The word itself should have made it clear but we still didn't listen. The lax licensing of Android to Apache-2.0 should have given us a hint, but we still chose to ignore it. Of course, not everyone ignored it, there were people like Richard Stallman who kept talking about it and warned us about it back in 2011:
Linux aside, the software of Android versions 1 and 2 was mostly developed by Google; Google released it under the Apache 2.0 license, which is a lax free software license without copyleft.
But obviously, we conveniently chose to ignore Stallman's warning. We were far too happy and busy with our partially “open source“ gizmos and apps to worry about how our freedoms and privacy were going to crushed by some freedom unfriendly software licensing in the years to come.
Today's smartphone market is a disorganized oligopoly larely controlled by Google who owns the Android platform and a few other players like Samsung and Oppo. These players have no incentive to make their systems open source even though their upstream AOSP code is in fact open source and Apache licensed.
How exactly is Android ”Open” source then? If anything, its a perfect example of the classic case of deception where the opponent's self-created trojan horse itself is used against the opponent to destroy him! Open source has become a swear word in a sense for many, especially those who have lived through the time of true openness and free culture. Only they know what is truly open and the subtle differences between the words open, free and libre which are often confused by many in the software world.
And then there is the tendency to club everything into one and call it FOSS (Free and Open Source Software). But no free software enthusiast worth his salt would like to see his movement corrupted by anything that has to do with open source, and that is for good reasons! Android wasn't the first betrayal in the name of ”open source”, there was the case of freeBSD project too who's code Apple took over without even crediting the source, thus taking advantage of their lax licensing.

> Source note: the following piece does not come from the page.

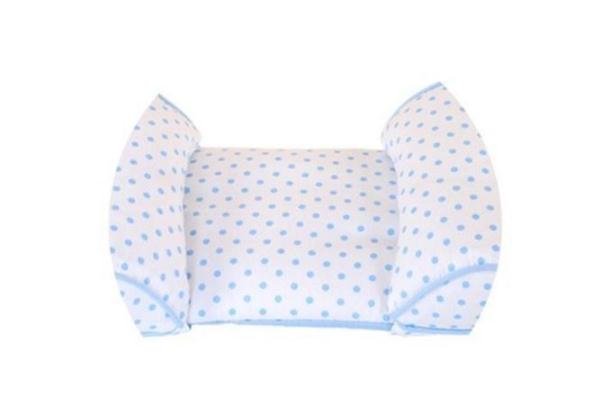 定型枕的好處和壞處 新生兒要不要睡定型枕 定型枕的好處和壞處 新生兒要不要睡定型枕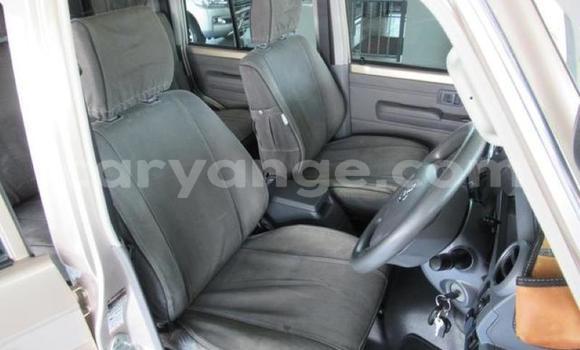 Acheter Occasion Voiture Toyota Land Cruiser Beige à Windhoek, Namibie Acheter Occasion Voiture Toyota Land Cruiser Beige à Windhoek, Namibie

Even today, we continue to see the exploitation in the name of open source in case of projects like android. If only android was made under GPL, every vendor like Samsung, Lenovo, etc. would have had to make their code open too and that would have sped up innovation in the mobile apps field by a decade! But that didn't happen and today we are stuck with this fragmented and clumsy ecosystem called android which markets itself as ”open source” without really having anything to do with the spirit of open source.